"Öteki Din"
Ötekileştirme kendi öz değerliğini, başkasının farklılığını kötüleyerek ve kendini överek artırma çabasıdır. Ötekileştirme; aslında kamplaştıranların, “böl-yönet”, “ayır-buyur” cuların kullandığı bir yöntemdir. Ötekileştirme genelde bir kimlik oluşturmak amacıyla yapılmaktadır. Her ötekileştirme gerçekte bir dışlama faaliyetidir.
Ötekileştirme kurumlar, kuramlar, kavramlar, kimlikler ve değerler üzerinden yapılmaktadır. Bu faaliyet gerçekte hayatın her alanında yapılmaktadır. Bu anlamda ötekileştirme operasyonlarından en fazla nasibini alan da dindir.
Din, dünyaya karşı bir tavır alış biçimidir. Toplumları harekete geçiren ve onları etkileyen temel faktörlerin başında gelmektedir. Bu yüzden toplumlar üzerinde etkili olmak isteyen egemen güçler tarih boyunca ilk önce din üzerinde etki kurmak ihtiyacı duymuşlardır.
Günümüzde de siyasetlerin, ideolojilerin, ekonomilerin ve kültürlerin dine karşı tutumu onların toplum üzerindeki etkinlikleriyle doğru orantılıdır. Küresel stratejilerin tamamına yakınının da din odaklı olmasının nedeni budur.
İslam dini bireylerin bağımsız, özgür, egemen, üretken, sorumlu ve güç karşısında eğilmeyen insanlardan oluşmasını ister. Bu insan tipi İslam coğrafyasına egemen olmak isteyen güçlerin işini zorlaştırmaktadır. Egemen gücün istediği ise yumuşak başlı olan, çıkar endeksli davranan, tüketim odaklı ve ecnebiyle işbirliğine yatkın insan modelidir. Bu tür bir insan modelinin inşası da ancak dinin algı biçimini değiştirmekle mümkündür. Bunun yolu da “öteki din” inşa etmekten geçmektedir.

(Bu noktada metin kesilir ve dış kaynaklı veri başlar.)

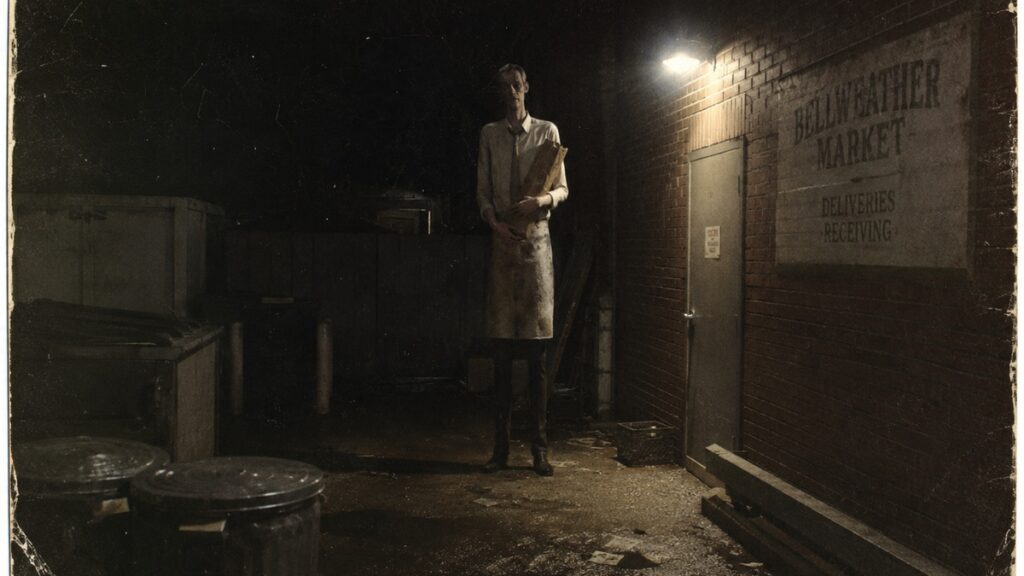 Fictional evidence image of a tall man holding an oversized paper bag outside Bellweather Market at night.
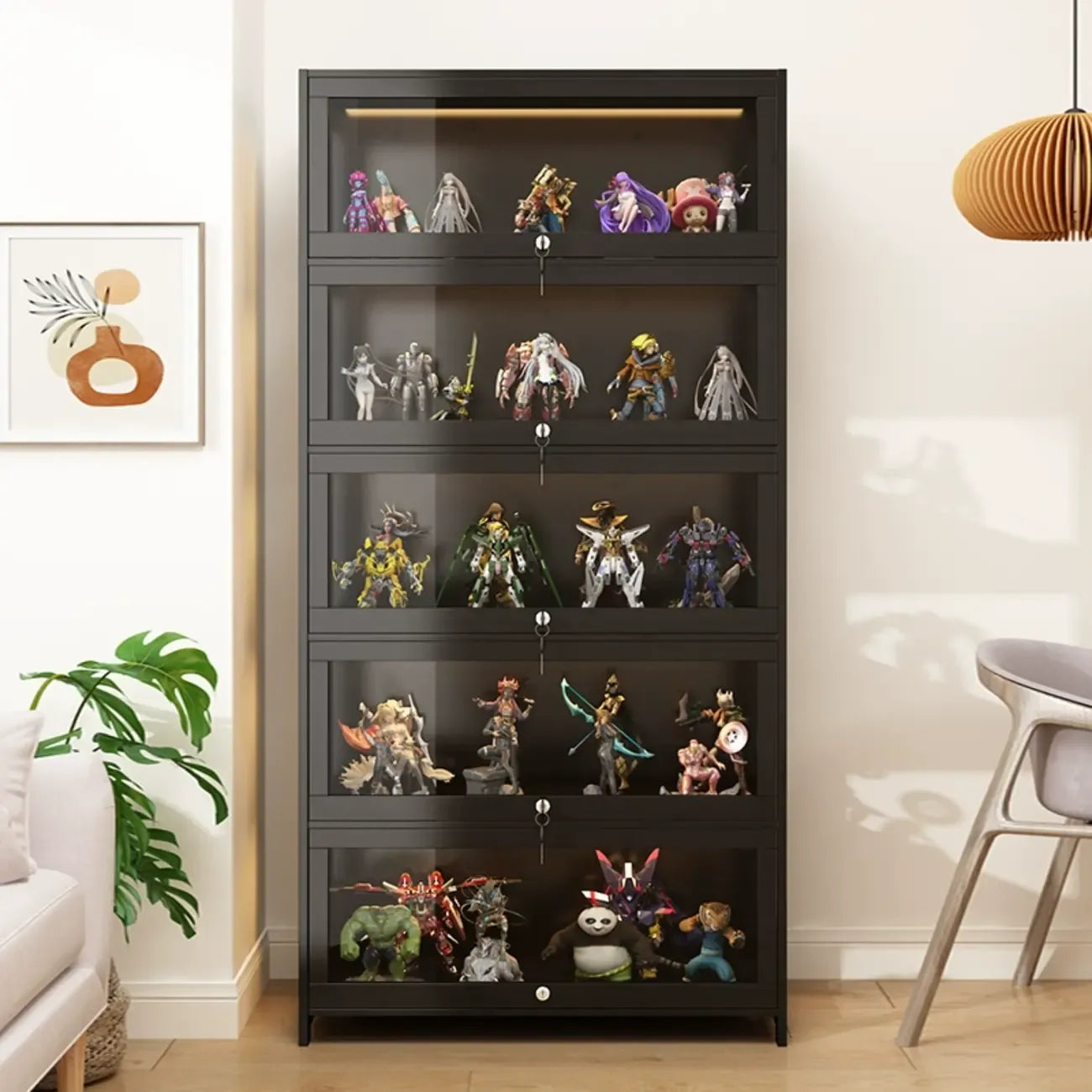 Contemporary Acrylic Wood Shelf Display Cabinet Black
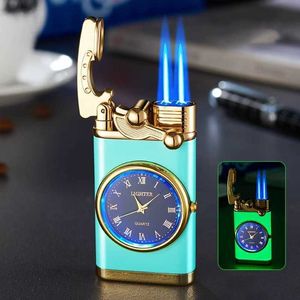 Creative Metal Rocker Arm Real Watch Butane No Gas Lighter Windproof Direct Flame Cigar Smoking Accessories Gadgets For Men XFM1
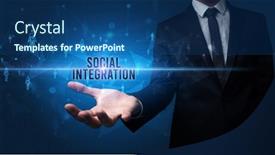  Presentation with social - Audience pleasing slide deck consisting of elegant-hand-holding-social-integration backdrop and a ocean colored foreground
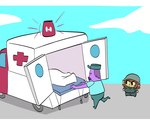 :> ambulance big_breasts breasts brown_hair chibi clothing cloud day female group hair hat headgear headwear humanoid_pointy_ears male not_furry pointy_ears purple_body purple_skin short_hair sky standing trio wheel 20pesos_sopa lei_(20pesos_sopa) goblin humanoid hi_res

Dinin siyasal/emperyal bir araç olarak kullanılabilmesi için ilk önce yapılması gereken şey ötekileştirmedir. Yani yapay, sahte ve amaçlara uygun bir biçimde dinin yeniden inşa edilmesidir. Özelde İslam dünyasında, genelde ise bütün Doğu’da İngiltere ve Amerika’nın bunu çok başarılı biçimde yaptığı bilinmektedir.
Bilindiği gibi toplumlar, topraklar ve kaynaklar üzerinde egemenlik kurmak isteyen güçler işe, din üzerinde egemenlik kurmakla başlar. Bu bağlamda Prof. Dr. Nadim Macit’in son çalışması olan “Öteki Din” kitabı zihinleri uyaran veriler sunmaktadır.

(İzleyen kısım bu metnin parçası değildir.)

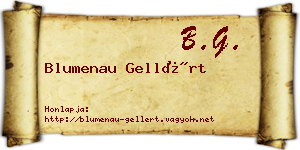 Blumenau Gellért névjegykártya
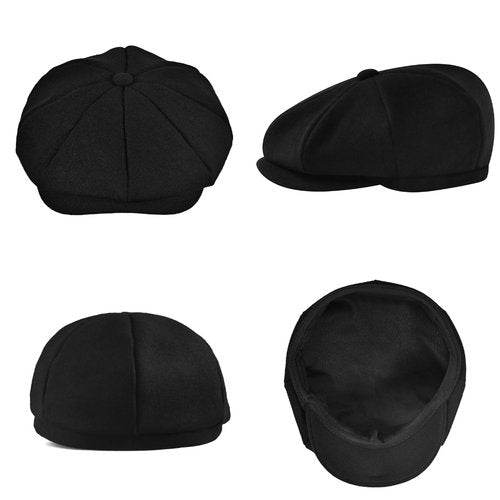 KUJUHA Wool Newsboy Cap for Men Flat Irish Cabbie Ivy Gatsby Newsboy Driving Hat Hunting Cap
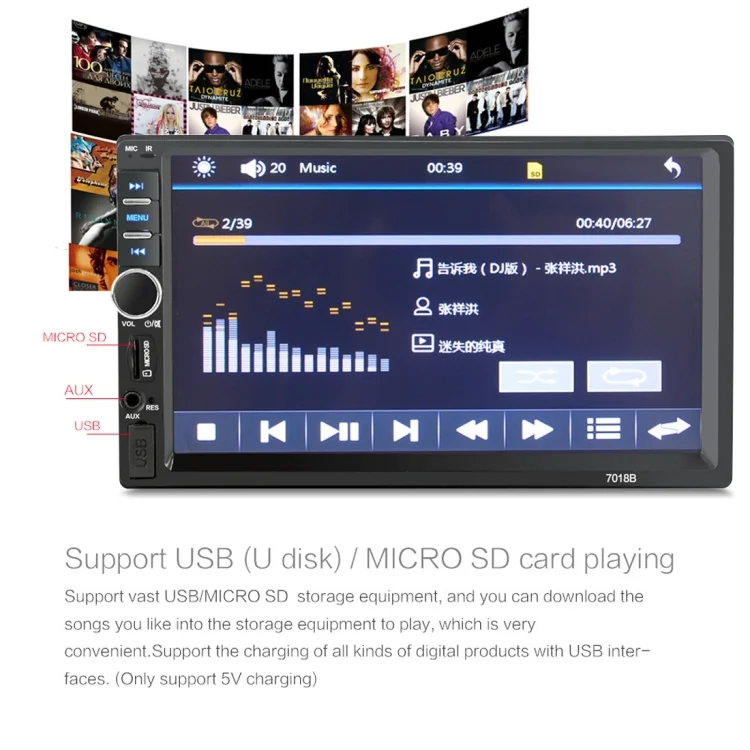 CMS2045_7.webp 7018B 7.0 inch HD Touch Screen Dual DIN Car Radio Bluetooth Stereo MP3 / MP4 / MP5 Player with Remote Control, with Rearview Camera, 6800 Module, Support  FM / TF Card / USB Flash Disk - Image 8
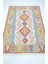 Uşak Yünden El Dokuma Yeşil, Mavi ve Kırmızı Renk Kilim 90X120 cm (1,08 M²) 2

Prof. Macit “Öteki Din” i şöyle tarifi etmektedir: “Egemen gücün, politik ve stratejik hedeflerine uyumlu din anlayışıdır.../... Öteki; kendini üstün gören gücün ürettiği ve ortak olarak yanına aldığı ötekidir. Kur’an’ın dilinden, maksatlarından, Hz. Muhammed’in sözünden ve duruşundan uzaktır.../... İslam’ın içinden özel amaç ve hedeflere bağlı olarak üretilen anlayışı karşılar.../... İslam’ın çarpıtılmış, dönüştürülmüş biçimidir”.
Profesör Macit, “Öteki Din” ihtiyacının neden kaynaklandığını da şöyle anlatır: “Düşüncenin ve anlam arayışının değil, alıntılama ve kopyalamanın; İslam’ı yeniden anlamanın değil, egemen güçlerin politik ve stratejik hedeflerine uydurmanın; birleşmenin, bir arada yaşamanın değil, ırkçılığın, ayrımcılığın ve bölücülüğün... aracıdır”. Son yıllarda İslam dininin başına “radikal”, “ayarlı”, “ılımlı” sıfatlarını ekleyenlerin tamamı aynı amacı farklı yöntemlerle gerçekleştirmeye çalışanlardır. Bu bağlamda medyada da “Avrupa İslam’ı” ya da “Amerika İslam’ı” gibi tabirlerden “İslamcı Terör” gibi söylemlerden de geçilmez olması da tesadüf değildir.
Olan biten her şey, sahte, öteki bir din inşa etmenin ulaştığı aşamayı göstermektedir. Prof. Dr. Nadim Macit’in “Öteki Din” adlı bu eseri olanın, bitenin gerçek yüzünü anlamada ciddi bir referans kaynağı niteliğindedir. Tabii okuyanlar için!